C. Li, Y. Fang, K. Caldeira, X. Zhang, N.S. Diffenbaugh and A.M. Michalak

Changes in temperature extremes often have a disproportionate impact on human and ecosystem health relative to changes to average temperatures. In this study, we showed that temperature extremes have already become consistently more intense than they were during the early 20th century. We also show that climate models do not represent this historical change well, which suggests that current models are also likely underestimating the rate at which temperature extremes will become even more “extreme” in the future.

Figure: Persistent changes to TN90p (hot nights) and TX90p (hot days) have already occurred over large parts of the Earth and climate models underestimate these persistent changes. The two panels show time of emergence (TOE) of persistent changes to TN90p (a) and TX90p (b) derived from HadEX2 observations. Warm (cool) color marks regions where the emergence of persistent changes occurs in the direction consistent with warming (cooling). Gray color marks regions for which there is no emergence in HadEX2 observations by the year 2000. White regions have no data.

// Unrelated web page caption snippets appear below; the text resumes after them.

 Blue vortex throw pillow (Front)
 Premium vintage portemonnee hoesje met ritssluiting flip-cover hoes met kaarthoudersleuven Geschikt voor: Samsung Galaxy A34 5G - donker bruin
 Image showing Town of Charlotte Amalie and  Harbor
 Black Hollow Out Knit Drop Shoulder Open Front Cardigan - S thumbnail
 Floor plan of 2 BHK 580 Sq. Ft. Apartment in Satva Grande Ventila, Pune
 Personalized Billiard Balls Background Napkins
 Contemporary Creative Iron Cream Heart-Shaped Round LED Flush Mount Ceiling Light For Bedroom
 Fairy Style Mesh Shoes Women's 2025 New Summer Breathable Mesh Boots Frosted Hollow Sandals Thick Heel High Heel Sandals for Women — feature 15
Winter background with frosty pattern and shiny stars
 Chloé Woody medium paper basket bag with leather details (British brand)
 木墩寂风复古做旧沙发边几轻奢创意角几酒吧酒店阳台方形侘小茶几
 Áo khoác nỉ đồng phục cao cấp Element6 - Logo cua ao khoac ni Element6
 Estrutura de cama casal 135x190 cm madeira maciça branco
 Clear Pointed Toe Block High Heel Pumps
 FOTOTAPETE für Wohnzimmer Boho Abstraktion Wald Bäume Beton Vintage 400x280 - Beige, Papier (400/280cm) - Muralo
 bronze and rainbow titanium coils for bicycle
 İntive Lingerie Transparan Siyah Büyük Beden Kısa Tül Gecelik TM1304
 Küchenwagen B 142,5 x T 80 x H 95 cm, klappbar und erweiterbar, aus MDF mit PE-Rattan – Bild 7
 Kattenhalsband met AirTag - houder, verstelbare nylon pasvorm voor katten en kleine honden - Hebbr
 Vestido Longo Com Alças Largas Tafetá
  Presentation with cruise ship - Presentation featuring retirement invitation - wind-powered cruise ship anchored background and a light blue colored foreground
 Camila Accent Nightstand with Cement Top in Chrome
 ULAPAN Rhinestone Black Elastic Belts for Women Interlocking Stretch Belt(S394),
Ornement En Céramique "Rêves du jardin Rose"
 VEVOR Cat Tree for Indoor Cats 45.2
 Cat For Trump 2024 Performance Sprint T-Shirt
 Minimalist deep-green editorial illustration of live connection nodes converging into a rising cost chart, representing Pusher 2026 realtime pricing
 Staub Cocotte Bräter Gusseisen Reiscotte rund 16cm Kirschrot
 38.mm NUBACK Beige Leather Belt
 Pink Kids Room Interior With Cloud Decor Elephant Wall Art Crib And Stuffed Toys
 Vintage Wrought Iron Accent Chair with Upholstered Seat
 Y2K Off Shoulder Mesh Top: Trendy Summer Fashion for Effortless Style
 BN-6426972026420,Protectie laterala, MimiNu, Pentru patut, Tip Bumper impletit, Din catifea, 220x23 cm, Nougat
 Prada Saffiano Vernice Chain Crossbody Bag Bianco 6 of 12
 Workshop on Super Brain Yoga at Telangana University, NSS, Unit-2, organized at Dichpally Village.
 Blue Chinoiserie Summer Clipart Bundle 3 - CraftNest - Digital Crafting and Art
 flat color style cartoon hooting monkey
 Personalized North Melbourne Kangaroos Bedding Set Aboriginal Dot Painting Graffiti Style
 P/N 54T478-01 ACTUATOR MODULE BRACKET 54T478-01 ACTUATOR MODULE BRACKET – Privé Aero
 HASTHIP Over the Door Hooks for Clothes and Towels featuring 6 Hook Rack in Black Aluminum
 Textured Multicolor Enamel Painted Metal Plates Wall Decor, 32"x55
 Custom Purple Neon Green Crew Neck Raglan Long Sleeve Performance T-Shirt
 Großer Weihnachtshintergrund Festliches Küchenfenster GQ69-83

A critical question for climate mitigation and adaptation is to understand when and where the signal of changes to climate extremes have persistently emerged or will emerge from the background noise of climate variability. Here we show observational evidence that such persistent changes to temperature extremes have already occurred over large parts of the Earth. We further show that climate models forced with natural and anthropogenic historical forcings underestimate these changes. In particular, persistent changes have emerged in observations earlier and over a larger spatial extent than predicted by models. The delayed emergence in the models is linked to a combination of simulated change (‘signal’) that is weaker than observed, and simulated variability (‘noise’) that is greater than observed. Over regions where persistent changes had not occurred by the year 2000, we find that most of the observed signal-to-noise ratios lie within the 16–84% range of those simulated. Examination of simulations with and without anthropogenic forcings provides evidence that the observed changes are more likely to be anthropogenic than nature in origin. Our findings suggest that further changes to temperature extremes over parts of the Earth are likely to occur earlier than projected by the current climate models.

Li, C., Y. Fang, K. Caldeira, X. Zhang, N.S. Diffenbaugh, A.M. Michalak(2018) "Widespread persistent changes to temperature extremes occurred earlier than predicted," Scientific Reports, 8 (1007), doi:10.1038/s41598-018-19288-z.